I am very happy to introduce Ms. Dorothy K. Gordon as the latest Board Director for the Linux Professional Institute.
Born in Ghana, Dorothy also spent much of her early life in the United Kingdom and Nigeria. She is fluent in English and French, and is currently studying Spanish and Russian.
Dorothy has extensive experience with various organisations within the United Nations since 1987.
From 2003 to 2016 Dorothy was the founding director-general of the Ghana-India Kofi Annan Centre of Excellence in ICT (AITI), located in Accra, Ghana. Over a little more than 12 years, she built a record of progressive achievement and advancement to establish and strategically position AITI as a Centre of Excellence in ICT with a global reputation and strong leadership within Africa on technology for development issues.
She moved the center from total dependence on government funding to financial sustainability through consistent growth and an expansion of activity in areas of training, consulting, community engagement, and advisory services with thousands of organisations and individuals benifitted from the work of the Centre over the years of her tenure. The Centre was run exclusively on Open Source technologies.

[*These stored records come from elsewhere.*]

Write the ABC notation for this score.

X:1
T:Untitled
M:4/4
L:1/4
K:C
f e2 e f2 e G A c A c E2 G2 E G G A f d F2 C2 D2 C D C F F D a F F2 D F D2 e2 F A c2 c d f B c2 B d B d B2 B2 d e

I first met Dorothy in 2008 when she invited me to IDLELO in Senegal, a meeting produced by the Free Software and Open Source Foundation for Africa (FOSSFA), a group in which she played an active role.
In August of 2009 I was invited to an IT development conference (WITFOR) held in Hanoi, Vietnam. This was not my first time to Hanoi (the first was in 1995 and the second in 2005), but I was able to be active in the conference due to Dorothy’s invitation to attend. I showed the conference how to make live and installable special distributions on DVDs and USB flash drives.

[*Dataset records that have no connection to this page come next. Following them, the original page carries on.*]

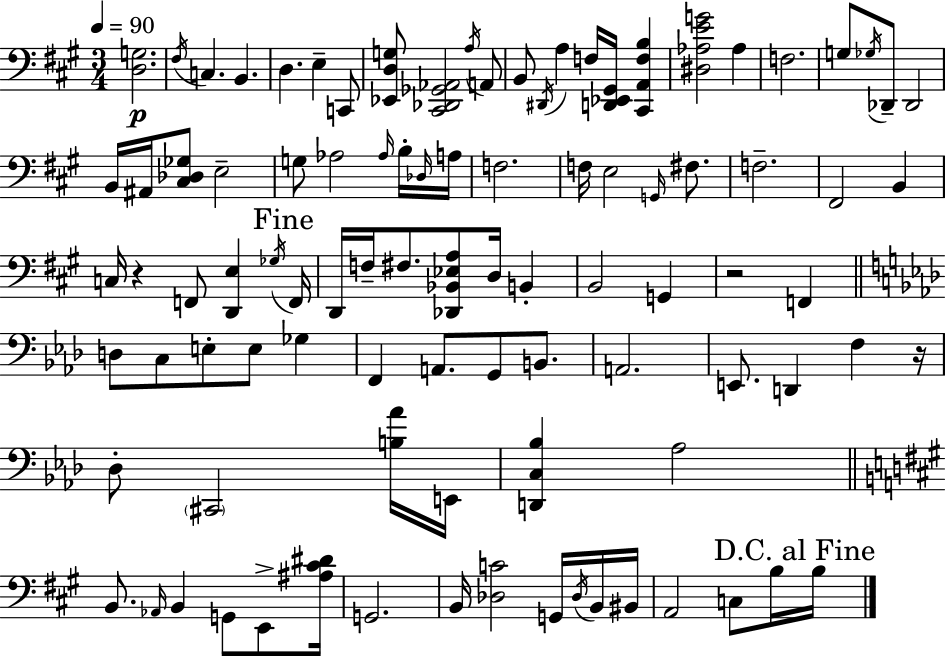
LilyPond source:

{
  \clef bass
  \numericTimeSignature
  \time 3/4
  \key a \major
  \tempo 4 = 90
  <d g>2.\p | \acciaccatura { fis16 } c4. b,4. | d4. e4-- c,8 | <ees, d g>8 <cis, des, ges, aes,>2 \acciaccatura { a16 } | \break a,8 b,8 \acciaccatura { dis,16 } a4 f16 <d, ees, gis,>16 <cis, a, f b>4 | <dis aes e' g'>2 aes4 | f2. | g8 \acciaccatura { ges16 } des,8-- des,2 | \break b,16 ais,16 <cis des ges>8 e2-- | g8 aes2 | \grace { aes16 } b16-. \grace { des16 } a16 f2. | f16 e2 | \break \grace { g,16 } fis8. f2.-- | fis,2 | b,4 c16 r4 | f,8 <d, e>4 \acciaccatura { ges16 } \mark "Fine" f,16 d,16 f16-- fis8. | \break <des, bes, ees a>8 d16 b,4-. b,2 | g,4 r2 | f,4 \bar "||" \break \key aes \major d8 c8 e8-. e8 ges4 | f,4 a,8. g,8 b,8. | a,2. | e,8. d,4 f4 r16 | \break des8-. \parenthesize cis,2 <b aes'>16 e,16 | <d, c bes>4 aes2 | \bar "||" \break \key a \major b,8. \grace { aes,16 } b,4 g,8 e,8-> | <ais cis' dis'>16 g,2. | b,16 <des c'>2 g,16 \acciaccatura { des16 } | b,16 bis,16 a,2 c8 | \break b16 \mark "D.C. al Fine" b16 \bar "|."
}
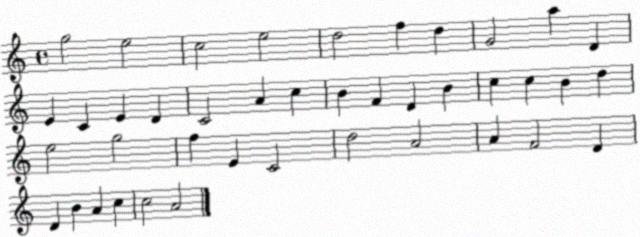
X:1
T:Untitled
M:4/4
L:1/4
K:C
g2 e2 c2 e2 d2 f d G2 a D E C E D C2 A c B F D B c c B d e2 g2 f E C2 d2 A2 A F2 D D B A c c2 A2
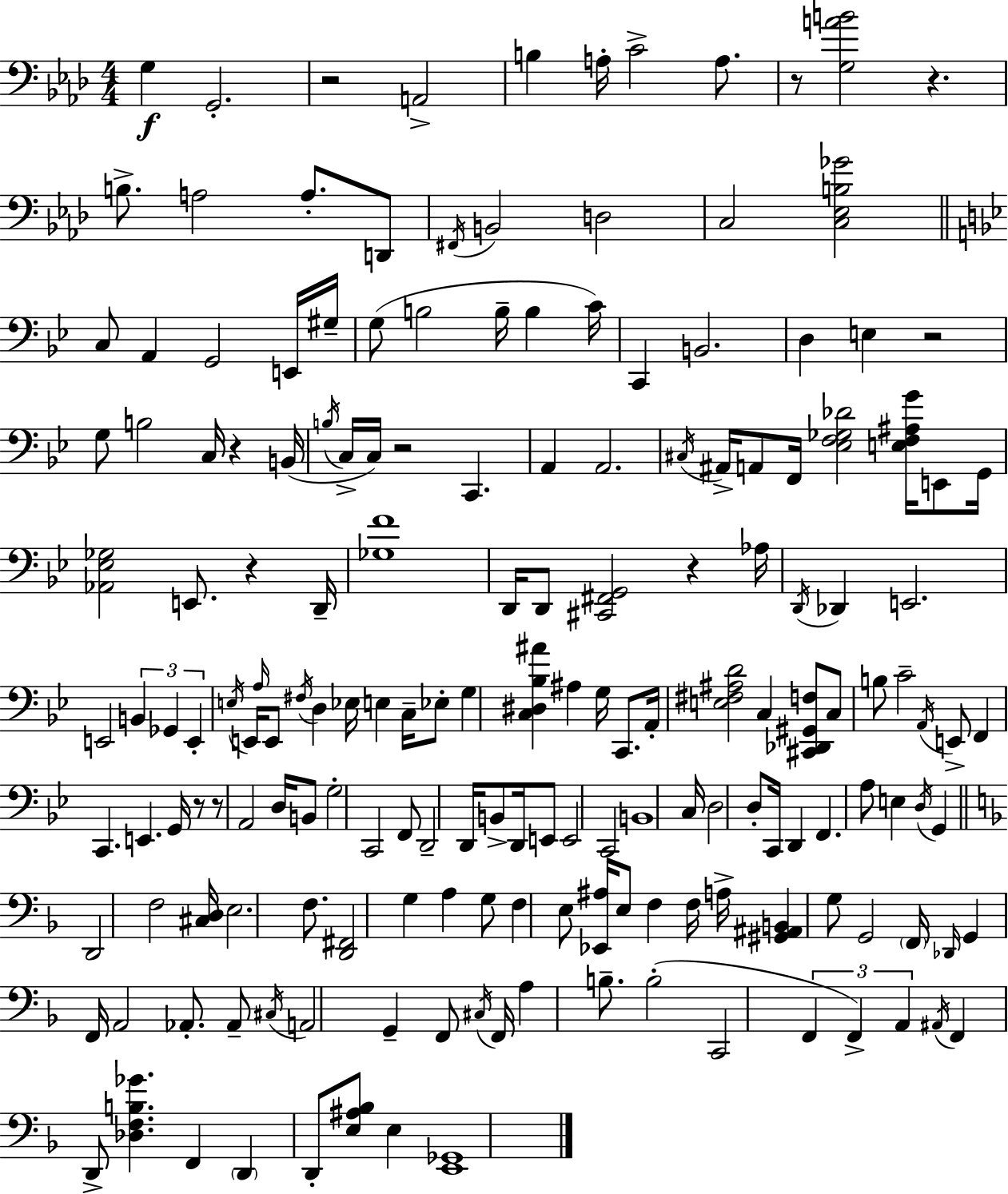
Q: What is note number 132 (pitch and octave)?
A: F2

I also learned to enjoy “Fresh Beer”, unique to Hanoi, while attending the conference.
At Dorothy’s invitation, I attended another IDLELO conference in Accra in 2010. I brought copies of Linux Pro Magazine, a book called “Internet Blackout” (a Hackerteen book written by my friend Marcelo Marques and donated by O’Reilly), and about 160 Hackerteen T-shirts of different sizes to give away to the attendees. The latter caused a lot of consternation getting through customs since I had no documentation on the cost of the shirts (they were given to me) or the price of the shirts (I was giving them away). We finally determined that the proper customs duty was one large T-shirt for the customs inspector and three more T-shirts in small and medium sizes for her children.
The conference was a great success, and I was impressed with what Dorothy was doing with the Centre of Excellence in ICT.

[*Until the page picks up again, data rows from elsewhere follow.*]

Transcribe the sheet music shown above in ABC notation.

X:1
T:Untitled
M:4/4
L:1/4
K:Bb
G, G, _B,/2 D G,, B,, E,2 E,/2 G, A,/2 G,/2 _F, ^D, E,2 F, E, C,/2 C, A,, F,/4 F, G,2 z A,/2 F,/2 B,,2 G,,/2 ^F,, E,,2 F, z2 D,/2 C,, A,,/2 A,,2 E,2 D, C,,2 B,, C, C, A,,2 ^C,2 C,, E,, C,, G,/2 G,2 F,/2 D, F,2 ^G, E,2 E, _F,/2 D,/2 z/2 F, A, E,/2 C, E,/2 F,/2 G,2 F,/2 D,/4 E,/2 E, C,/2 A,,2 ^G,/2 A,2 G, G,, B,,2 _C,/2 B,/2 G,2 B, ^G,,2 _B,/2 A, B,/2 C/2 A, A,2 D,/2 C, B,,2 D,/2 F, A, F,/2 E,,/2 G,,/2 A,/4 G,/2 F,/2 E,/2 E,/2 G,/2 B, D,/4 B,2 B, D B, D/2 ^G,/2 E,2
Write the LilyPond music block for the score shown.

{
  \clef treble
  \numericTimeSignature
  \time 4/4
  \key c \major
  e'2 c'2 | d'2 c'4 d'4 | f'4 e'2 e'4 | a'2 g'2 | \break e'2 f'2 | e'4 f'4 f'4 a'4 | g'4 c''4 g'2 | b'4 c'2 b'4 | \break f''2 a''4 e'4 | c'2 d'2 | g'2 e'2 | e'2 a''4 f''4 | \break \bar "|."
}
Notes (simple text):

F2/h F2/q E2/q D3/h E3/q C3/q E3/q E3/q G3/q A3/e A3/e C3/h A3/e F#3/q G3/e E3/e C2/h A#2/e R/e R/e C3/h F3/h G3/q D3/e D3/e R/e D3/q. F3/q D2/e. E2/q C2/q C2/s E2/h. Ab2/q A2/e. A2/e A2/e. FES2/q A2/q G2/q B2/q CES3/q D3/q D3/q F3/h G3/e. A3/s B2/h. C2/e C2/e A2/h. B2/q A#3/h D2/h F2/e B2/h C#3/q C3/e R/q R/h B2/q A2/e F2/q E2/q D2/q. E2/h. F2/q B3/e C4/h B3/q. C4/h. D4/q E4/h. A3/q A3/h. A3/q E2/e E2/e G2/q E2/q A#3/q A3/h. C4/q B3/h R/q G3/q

Dorothy had also brought in several other International speakers, including a gentleman from Thailand who was setting up Internet infrastructure in Thailand. I learned a lot from John over “beer talk” and we exchanged stories about Free and Open Source Software, “telecenters,” and “small industry”.
It was also the trip that I traveled to “Cape Coast Castle” on the coast of Ghana and learned about its infamous part in the slave trade, a visit I will never, ever forget.
I had one more customs issue with that trip. Red Hat had sent 500 DVDs with Fedora on it, and had marked them as worth 500 US dollars, which generated a 250 USD customs duty. I went to the Post Office and managed to convince them that 400 DVDs (100 had “disappeared”) were really worth about five cents each and had “free software” on them, so the 400 remaining were worth about 20 USD. I personally paid the 5 USD in customs duties.
Dorothy was impressed with my negotiating skills.
During her distinguished career, Dorothy has provided strategic and operational leadership to diverse consulting teams for major consulting assignments, including disaster preparedness and post-crisis training for specialized teams in the Economic Community of West African States (ECOWAS). She gave support to e-government initiatives in health, education, agriculture and public service reform, and provided training on open source solutions for development as a tool for growth and business creation in Sub-Saharan Africa.
She has continued to focus on these topics while she demonstrated technology leadership through the introduction of emerging technologies and related new training products and methodologies, including high performance computing (HPC); cognitive computing; data analytics and Big Data; 3D printing; IPv6 labs; mobile application innovation; cloud solutions; financial technology ; cybersecurity; and strategic use of licensing regimes including Creative Commons and the GPL.
Dorothy formulated strong partnerships in development with leading global IT companies such as Google, IBM, Oracle, and several major companies in Ghana, as well as the start-up community. She has received multiple awards for her work from civic groups.
AITI is a model for best practices for India’s IT diplomacy and South-South cooperation. The Centre has inspired the establishment of many similar Centres globally.
Dorothy is on the Advisory council of Creative Commons Global and continues to support FOSSFA. She has degrees from the University of Ghana and the University of Sussex – Institute of Development Studies.
Dorothy continues to be one of my main linkages with the continent of Africa, and I am happy and proud to have her on the Board of Directors.